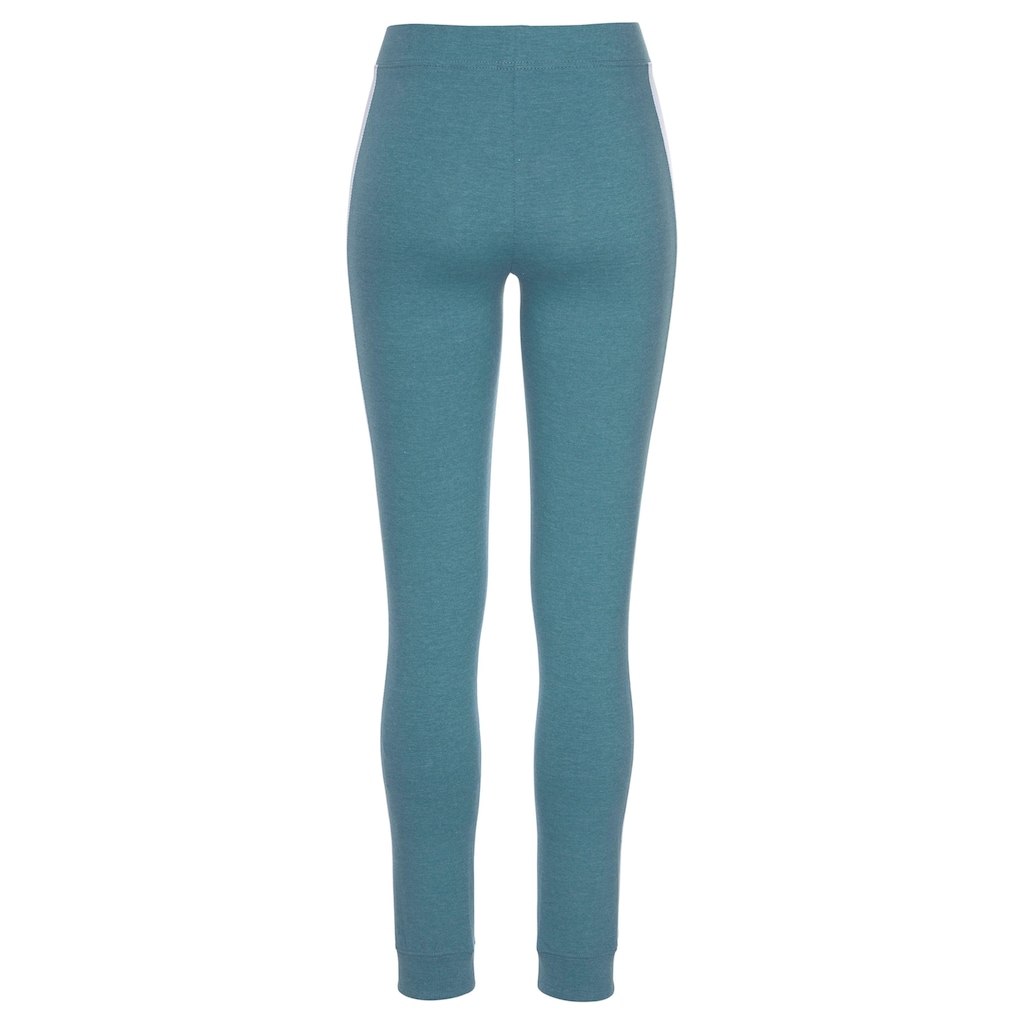 Arizona Leggings, (2er-Pack), mit breitem Streifen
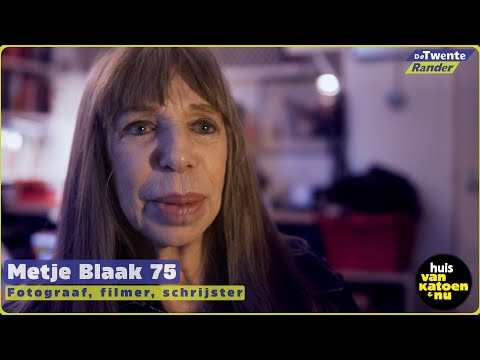 Metje Blaak werkte jaren in Yab Yum...Schrijfster, fotograaf en filmer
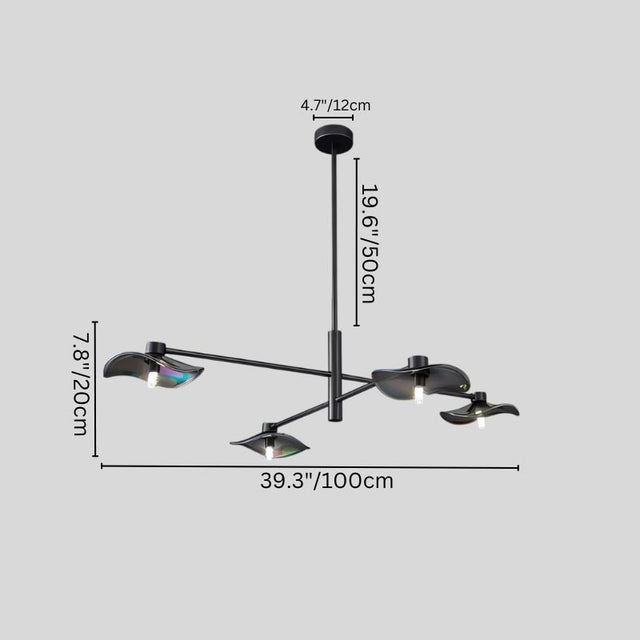 Pavus Chandelier - Residence Supply
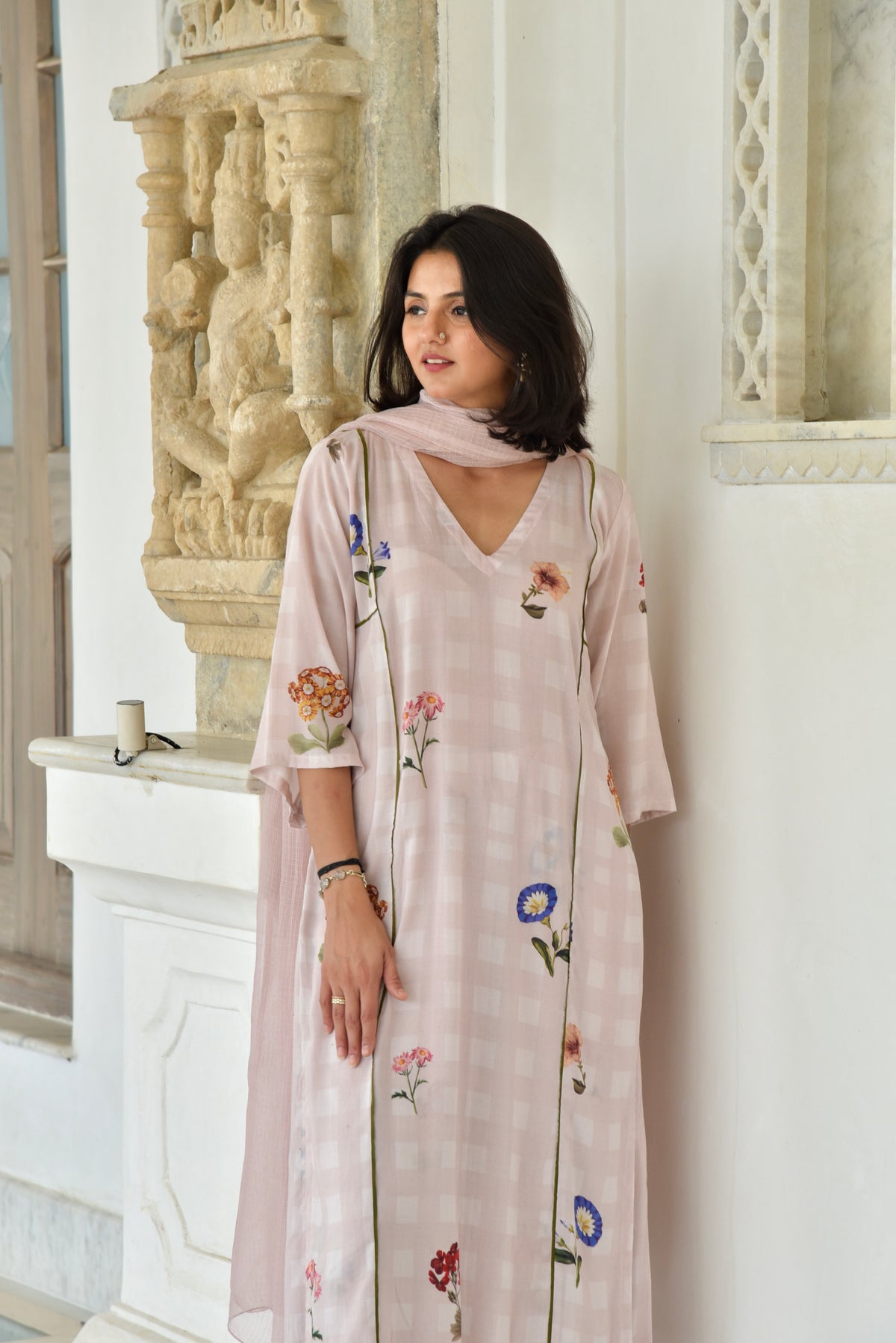Rosaline Kurta Set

● ● ● ● ●

▸ **Requirement**
Would you set down the listing exactly, omitting pictures?

▸ **Final answer**
 Arizona Leggings, (2er-Pack), mit breitem Streifen
 Metje Blaak werkte jaren in Yab Yum...Schrijfster, fotograaf en filmer
 Pavus Chandelier - Residence Supply
Rosaline Kurta Set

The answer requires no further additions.